The relevance of wetlands goes beyond ecology and economics. This year’s World Wetlands Day theme “Wetlands and traditional knowledge: Celebrating cultural heritage” highlights a dimension often overlooked in policy and planning. For centuries, Indigenous Peoples and local communities have managed wetlands through practices grounded in deep ecological understanding: seasonal fishing calendars, rotational harvesting, sacred groves, community water governance, and customary norms that prevent overuse.

The World Wetlands Day platform emphasises that traditional knowledge systems are not relics of the past but living, adaptive systems that can complement modern science. In many regions, wetlands remain cultural landscapes as sites of spiritual significance, oral histories, festivals, and identities. Ignoring this human dimension has frequently led to conservation failures, whereas embracing it can unlock more durable and equitable outcomes.

What is happening on the ground

Despite global recognition through instruments such as the Ramsar Convention on Wetlands with over 2,500 Ramsar Sites designated worldwide, pressures continue to mount. India has made notable progress, with 96 wetlands designated as Ramsar Sites, the highest number in Asia and the third highest globally. This reflects growing policy attention to wetland conservation and international commitments.

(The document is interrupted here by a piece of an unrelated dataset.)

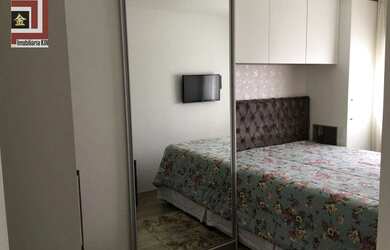 Imagem 11: Lindo apartamento Metrô ipiranga com varanda gourmet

However, designation alone does not guarantee protection. Across regions, including designated sites, wetlands are drained for agriculture and infrastructure, polluted by untreated wastewater and plastics, fragmented by roads and embankments, and overexploited for fisheries and biomass. Climate change compounds these threats through sea-level rise, altered hydrology, salinisation, and shifting species ranges. In many cases, management plans are either absent, weakly implemented, or disconnected from local development processes.

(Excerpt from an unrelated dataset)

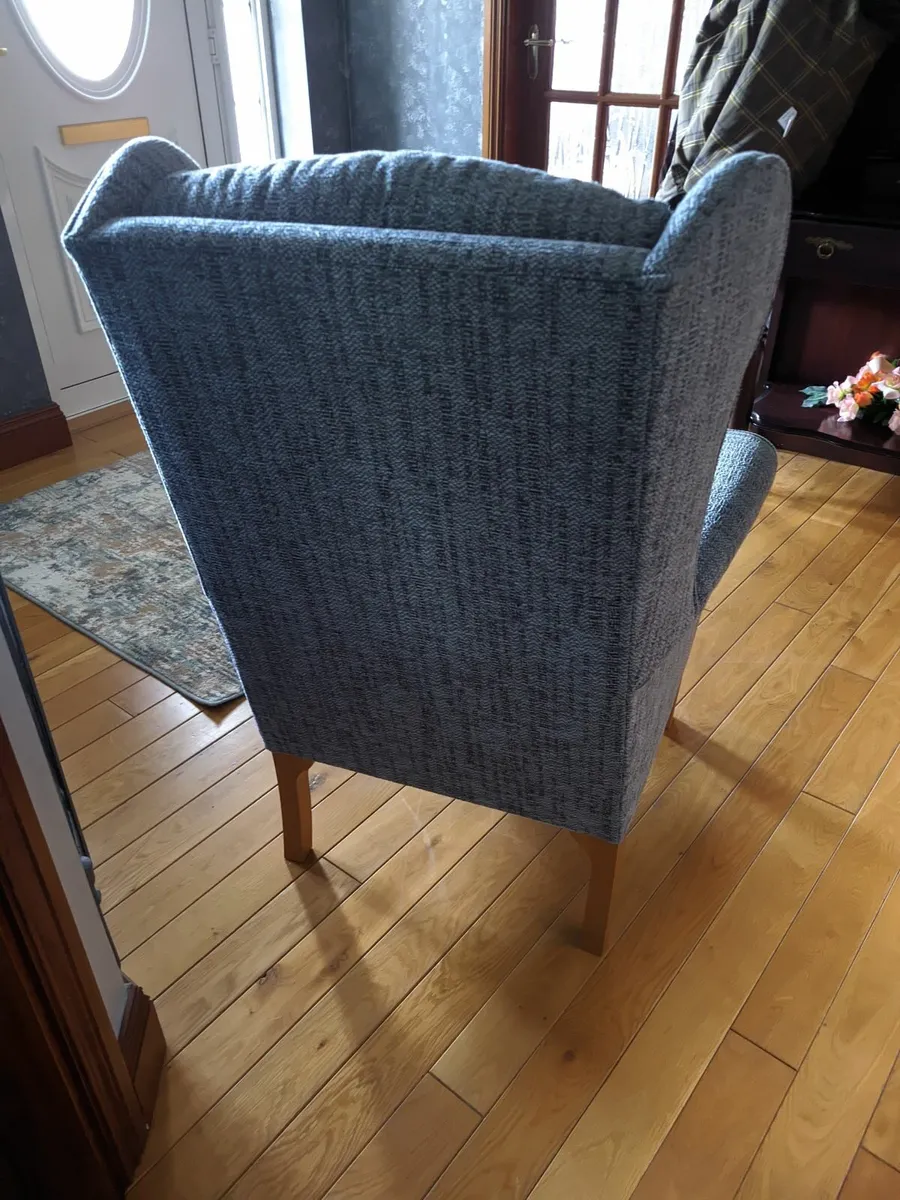 Sherborne Fireside chair - Image 2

The real challenge, therefore, lies not in listing wetlands under international conventions, but in ensuring their wise use through sustainable, inclusive, and adaptive management. Effective conservation requires adequate financing, scientific and community-based monitoring, strong institutional coordination, and meaningful participation of local and indigenous communities whose lives and cultures are closely linked to these ecosystems.

Forest guards navigating the narrow channels of Bhitarkanika Mangroves © Yaiphaba Akoijam

Why awareness and participation are critical

A central challenge remains public perception. Wetlands are still widely seen as “wastelands” or idle spaces awaiting conversion. Changing this narrative is as important as technical interventions. Awareness helps citizens recogniSe wetlands as natural assets that deliver co-benefits across various sectors such as water, climate, food, health, and culture.

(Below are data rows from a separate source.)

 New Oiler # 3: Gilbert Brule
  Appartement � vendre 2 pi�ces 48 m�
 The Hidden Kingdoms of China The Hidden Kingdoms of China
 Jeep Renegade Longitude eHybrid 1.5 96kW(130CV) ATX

Learning firsthand - young minds exploring Agaramthen Lake © Darwin Annadurai

Sustainable wetland management requires breaking silos. It demands convergence across departments (water, forests, agriculture, fisheries, disaster management), alignment with local development planning, and respect for community rights and knowledge. When stakeholders share ownership through co-management institutions, transparent decision-making, and benefit-sharing mechanisms, conservation becomes socially legitimate and economically viable.

Implications for the future

Looking ahead, wetlands will play a decisive role in achieving global and national goals -from climate adaptation and biodiversity conservation to sustainable development. The Ramsar Convention underscores that “wetlands are critical to our future”, but only if managed wisely. Restoration must go hand in hand with protection, science must work alongside traditional knowledge, and topdown policies must be grounded in local realities.

As climate uncertainty grows, wetlands offer a rare convergence point where nature-based solutions, cultural heritage, and human well-being intersect. Investing in their sustainable and integrated management is not an environmental luxury, it is a pragmatic necessity.